Dany Boolauck : Après avoir terminé avec succes mes études a l'ESCE (une grande école
commerciale) je suis a fond dans le badmintion (j'étais classé 1ere
série a l'époque) et les jeux videos...Ce sont mes potes mordus d'Amiga
et Atari ST qui me poussent à poser une candidature spontanée a Tilt...
et ça marche!
L'époque Tilt et l'époque Joystick pour être plus
précis...il ne faut pas oublier que je quitte Tilt pour rejoindre la
rédaction de Joystick en tant que rédacteur en chef adjoint mais ca ne
dure pas longtemps et je retourne a Tilt en tant que rédac chef adjoint
là aussi. Après ça j'entre chez Delphine Software/Adeline Software comme directeur du dévelopement et je travaille avec les deux équipes
dirigées respectivement par Paul Cuisset et Frederick Raynal. Je quitte
Delphine et la France pour vivre en Thailande (pour des raisons
personnelles) et je pense a ce moment que ma carriere dans
l'industrie du jeu est termine. Erreur ! Je suis contacté par Virgin
Interactive qui me propose le poste de vice président de Virgin
Interactive sud est asiatique. Tout se passe bien jusqu'en 1997: EA
achete toute la partie dévelopement... c'est le glas pour Virgin
Interactive. Je décide donc de créer ma propre société de distribution
en Thailande qui est aujourd'hui le distributeur exclusive de Namco
Bandai et de Square Enix Europe.

Tu es passé de l'autre côté de la barrière en somme. Pourrais tu nous raconter un peu les débuts de Tilt ? Comment est ce qu'on arrive à participer à quelque chose de
totalement nouveau pour un domaine émergeant alors qu'on est formé au
commerce et à la vente ?

Dany Boolauck : Un peu par hasard, je venais de
terminer mes études et je consacrait la plupart de mon temps au
badminton (mon autre passion) et je faisais parti d'une bande de geeks
de la micro et on voulait essayer tout les jeux qui sortaient que ce
soit sur Apple II, Atari ST ou Amiga (j'avais les 3). Mes copains me
poussent a contacter Tilt (l'idée était d'avoir toutes les nouveautes
gratis!) qui justement recherche des testeurs. Je rencontre Jean Michel
Blottiere qui m'embauche tout de suite comme pigiste pour la soluce d'un jeu de rôle (Faery Tale sur Amiga je crois).

L'équipe Tilt est super sympa et m'encourage (je n'avais jamais écrit d'article auparavant) et je me passionne pour tout ce qui touche a Tilt.
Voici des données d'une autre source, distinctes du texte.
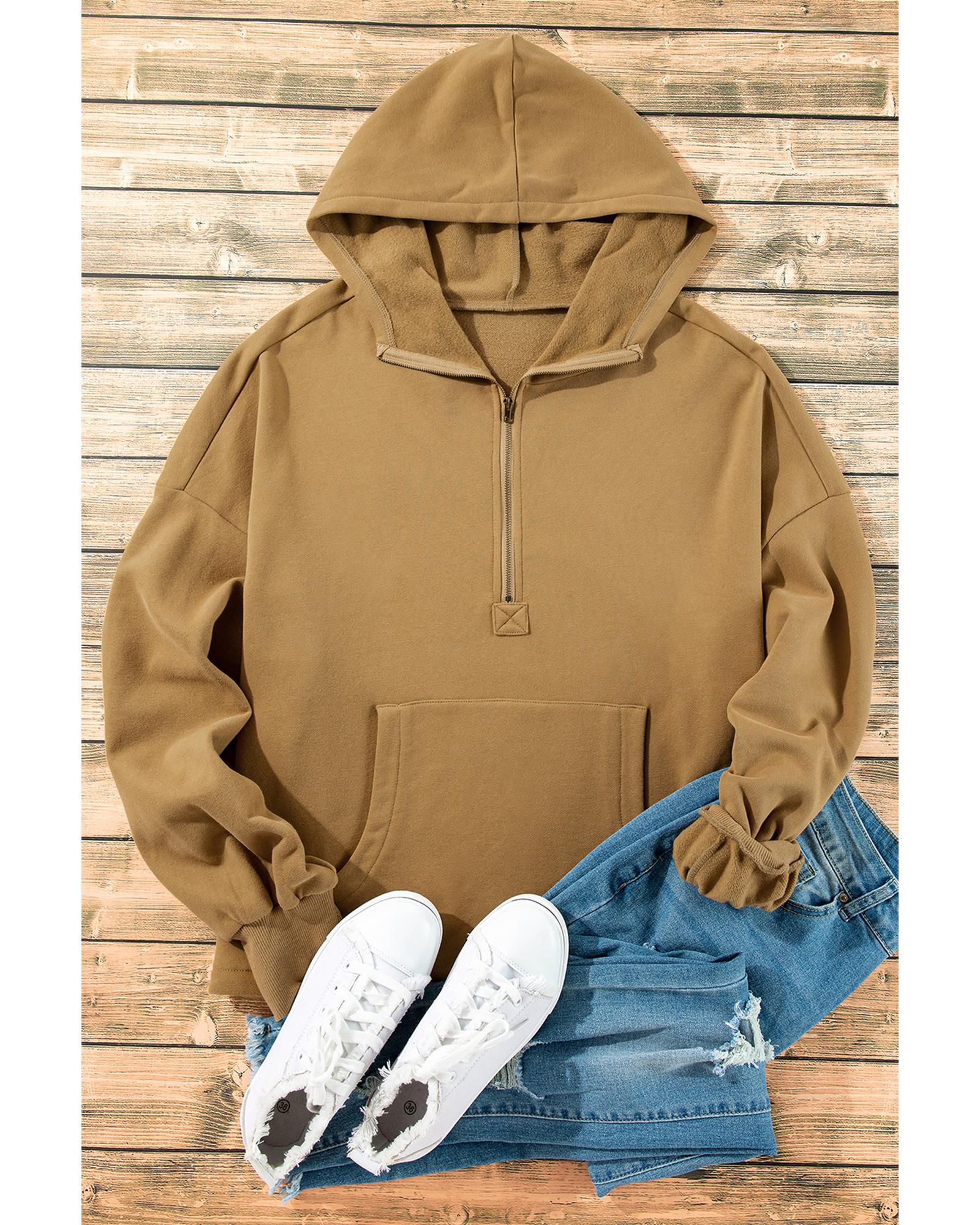 Brown Fleece Lined Half Zipper Kangaroo Pockets Loose Hoodie - XL 3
Je passe mon temps la-bas, toujours prêt a jouer,
tester, écrire mais on ne me donne que des miettes ! Il y avait déjà la une
bonne équipe de pigistes et de rédacteurs et se faire une place au
soleil c'était pas évident. C'est le hors-série Amiga Atari ST qui me
permet de faire mes preuves: Tilt Hors-série avait besoin de testeurs
Amiga et ST. Ils font appel a moi pour recruter un groupe de testeurs.
J'enrôle mes potes mais ils lâchent très vite sous le poids du boulot
(fallait tester toutes les titres sur Amiga et ST). Je prends sur moi de faire tout les tests et les articles de mon groupe.

Aller
chercher
les jeux dans les magasins (faire des courbettes pour obtenir les jeux
en prêt) ensuite les tester puis écrire les articles et prendre les
photos d'écran ça a l'air facile pour un jeu oui, mais plusieurs jeux
dans un temps limite (le bouclage) c'est le cauchemar des journalistes à la bourre. Je dors 4 heures par jour pendant 15 jours mais je finis ma
partie. Dès lors, je fait partie de la famille Tilt. Etant bilingue je
me retrouve, de fait, journaliste chargé des relations avec les éditeurs étrangers. Donc pigiste au départ, je passe rédacteur, chef de rubrique puis Reéac chef adjoint.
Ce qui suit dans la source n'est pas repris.